◆ **What to produce**
What you return should be the lines from the one with "2 bedrooms Apartment in DIFC, UAE No. 213165" through the one with "https://hawzahnews.com/xfQmX" in the data below, reproduced exactly with both ends, and no pictures at all.

Data excerpts:
+ + +

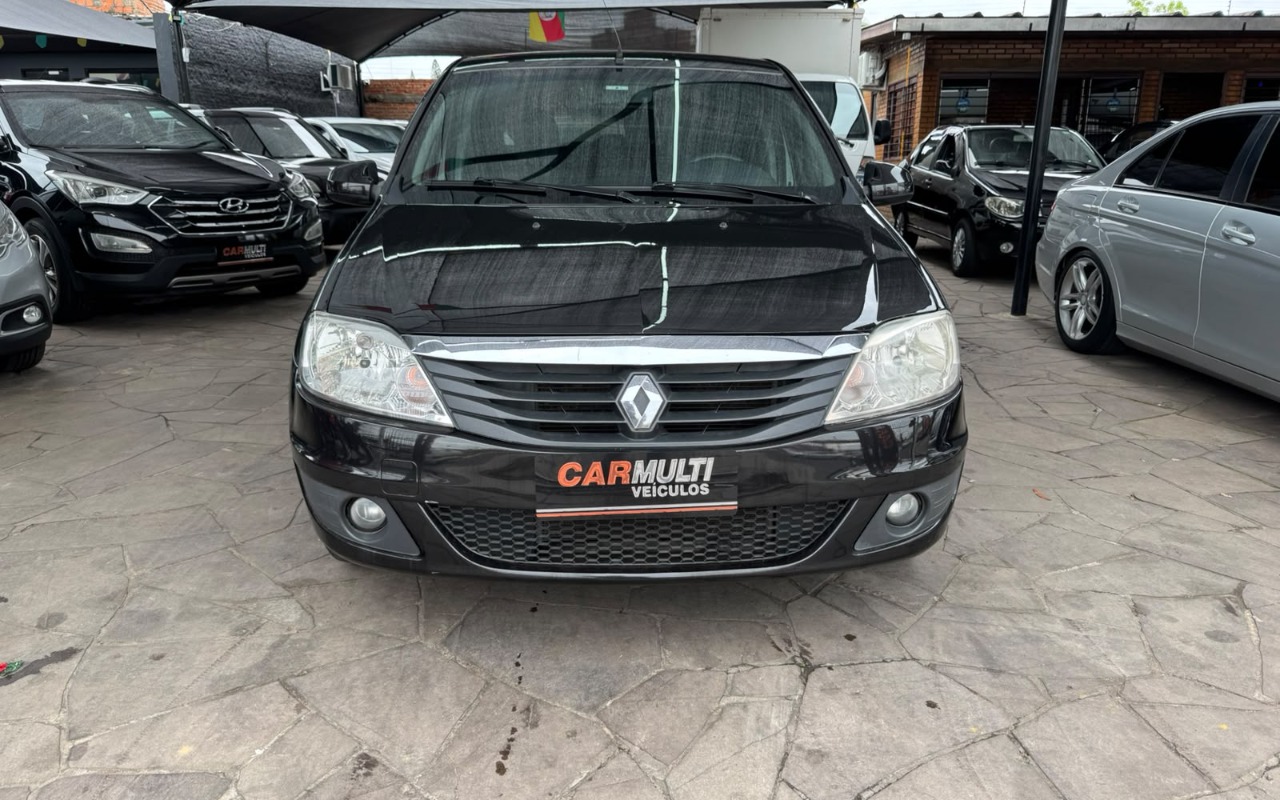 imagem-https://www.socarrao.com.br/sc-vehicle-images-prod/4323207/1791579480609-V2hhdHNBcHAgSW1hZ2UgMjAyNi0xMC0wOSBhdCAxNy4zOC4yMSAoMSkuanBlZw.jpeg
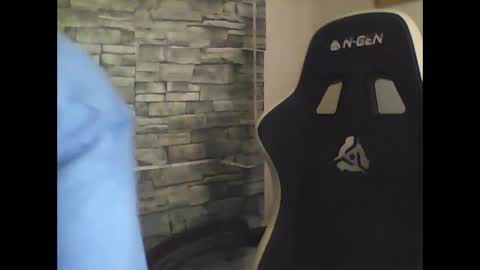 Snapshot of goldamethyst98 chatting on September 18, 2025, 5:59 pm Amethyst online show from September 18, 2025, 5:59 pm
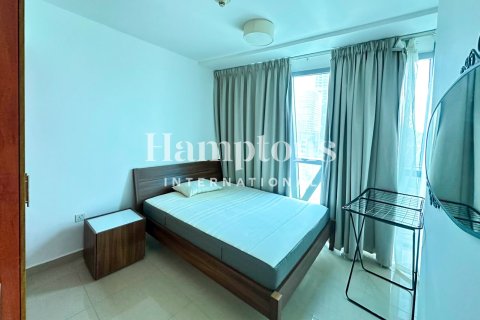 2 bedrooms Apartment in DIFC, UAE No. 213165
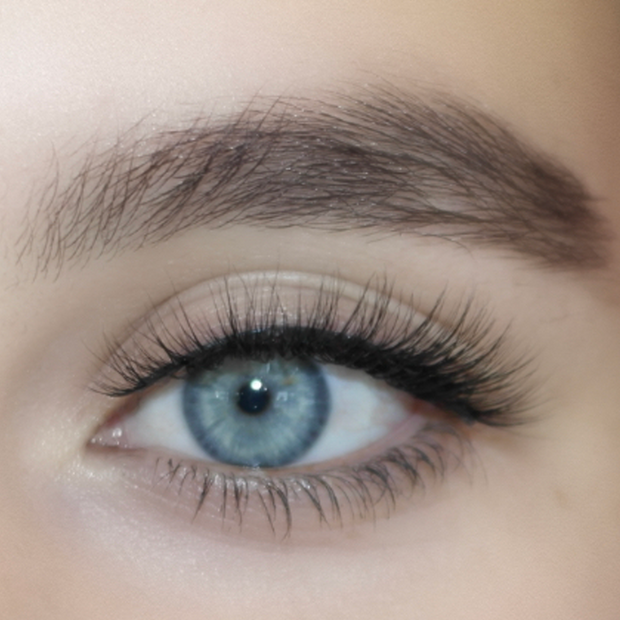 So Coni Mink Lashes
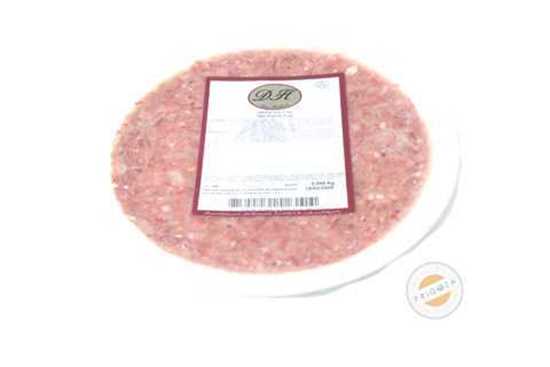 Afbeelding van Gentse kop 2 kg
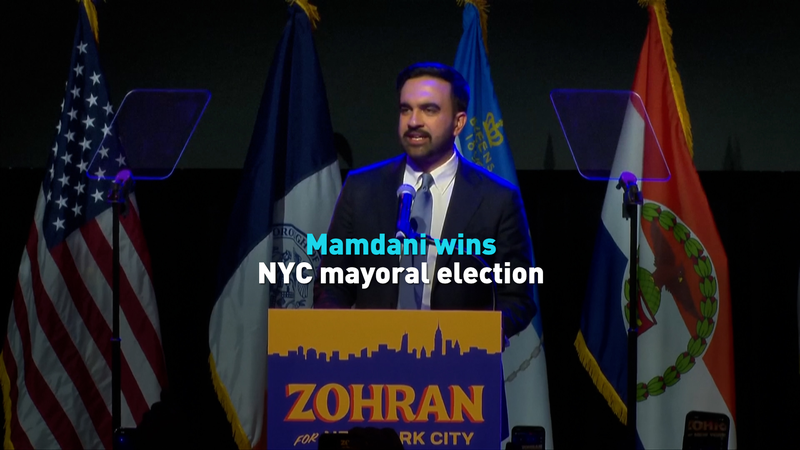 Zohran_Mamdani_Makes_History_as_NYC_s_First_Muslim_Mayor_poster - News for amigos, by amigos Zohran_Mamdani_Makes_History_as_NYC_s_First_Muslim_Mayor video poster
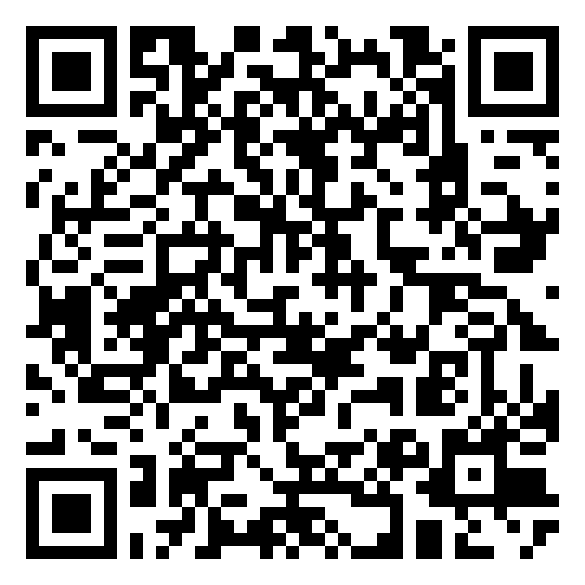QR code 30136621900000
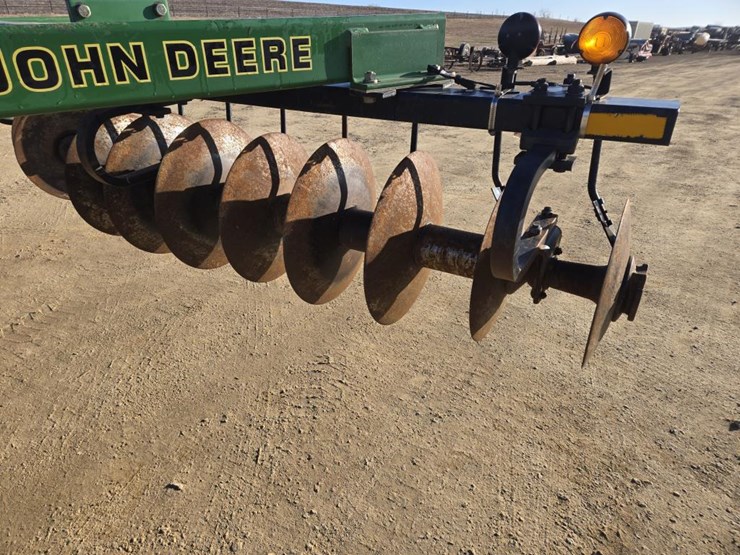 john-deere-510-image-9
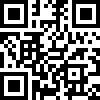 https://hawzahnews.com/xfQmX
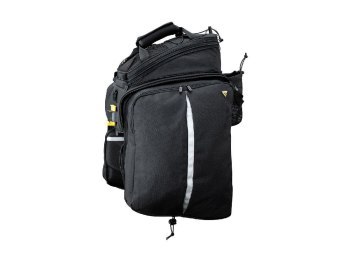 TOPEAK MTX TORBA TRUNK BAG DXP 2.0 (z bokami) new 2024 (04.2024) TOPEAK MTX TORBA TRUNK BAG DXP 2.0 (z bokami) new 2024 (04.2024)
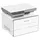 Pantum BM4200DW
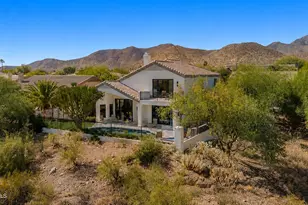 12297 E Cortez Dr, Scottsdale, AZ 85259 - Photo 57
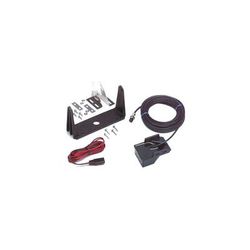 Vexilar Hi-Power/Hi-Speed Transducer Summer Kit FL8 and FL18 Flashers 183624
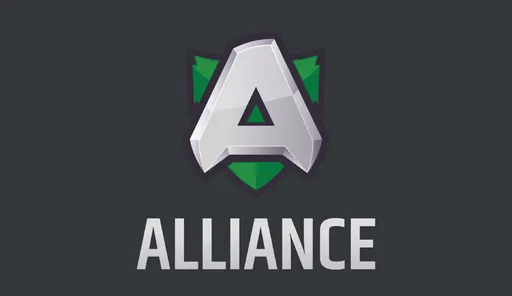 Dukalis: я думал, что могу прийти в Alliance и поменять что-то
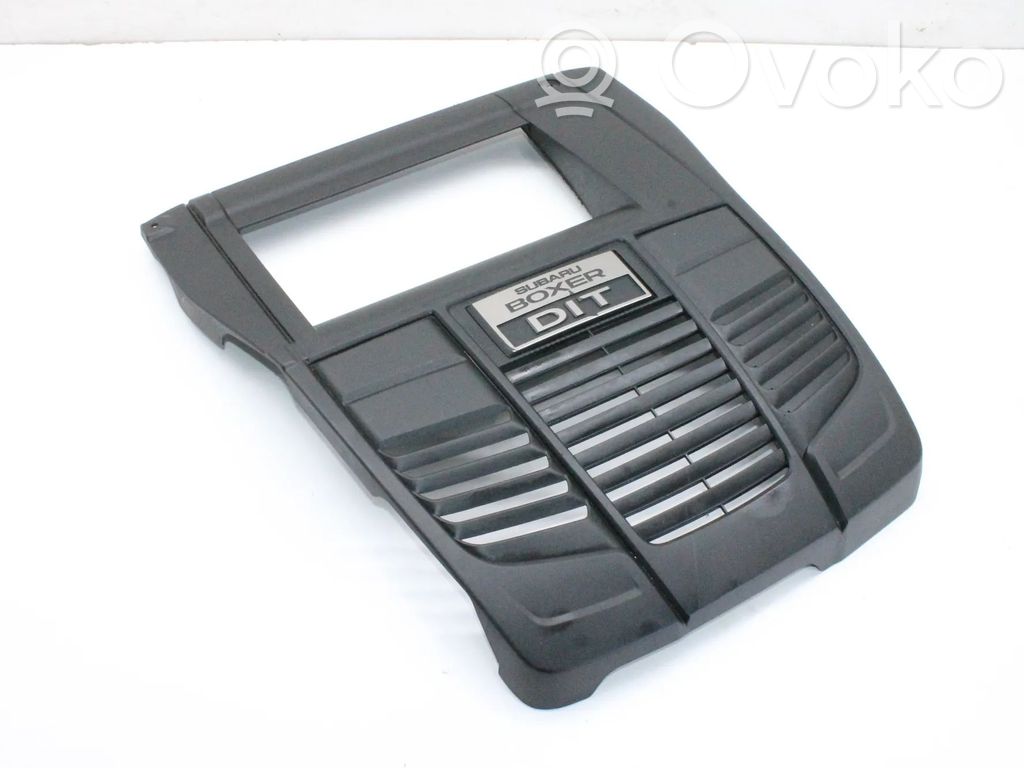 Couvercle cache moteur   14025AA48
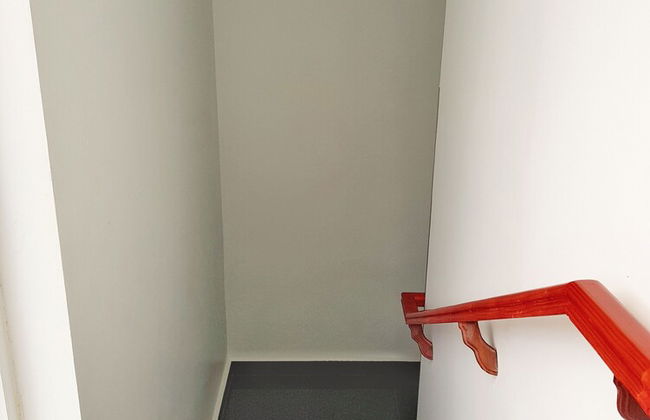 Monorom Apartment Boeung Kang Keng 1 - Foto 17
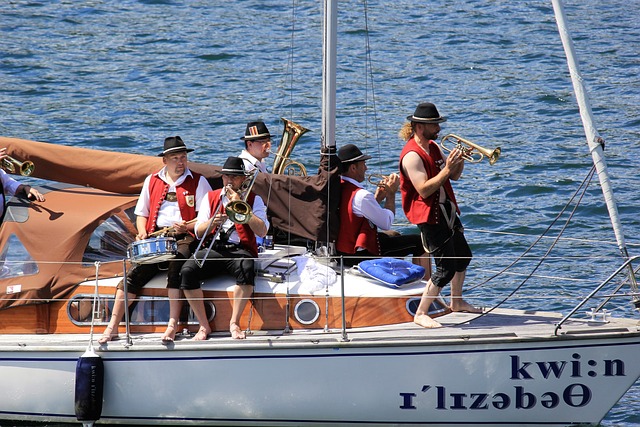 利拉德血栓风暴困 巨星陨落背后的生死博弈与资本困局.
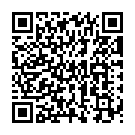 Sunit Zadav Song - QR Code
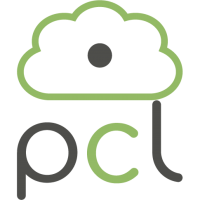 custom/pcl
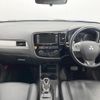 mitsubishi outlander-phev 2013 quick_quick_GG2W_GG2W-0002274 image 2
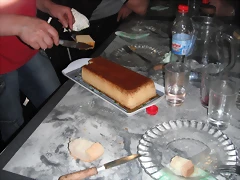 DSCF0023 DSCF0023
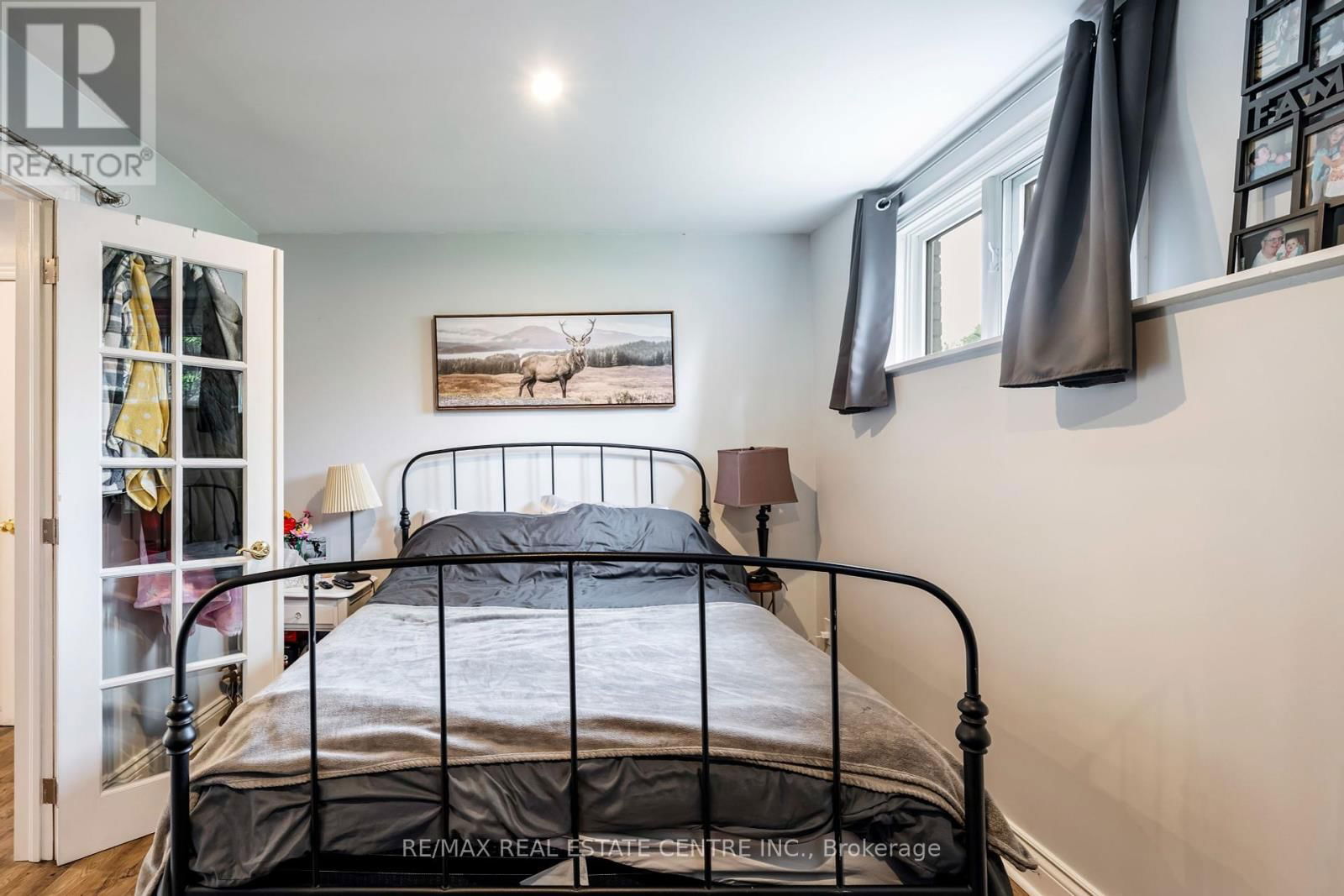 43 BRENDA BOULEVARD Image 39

+ + +

◆ **Result of this task**
 2 bedrooms Apartment in DIFC, UAE No. 213165
 So Coni Mink Lashes
 Afbeelding van Gentse kop 2 kg
 Zohran_Mamdani_Makes_History_as_NYC_s_First_Muslim_Mayor_poster - News for amigos, by amigos Zohran_Mamdani_Makes_History_as_NYC_s_First_Muslim_Mayor video poster
QR code 30136621900000
 john-deere-510-image-9
 https://hawzahnews.com/xfQmX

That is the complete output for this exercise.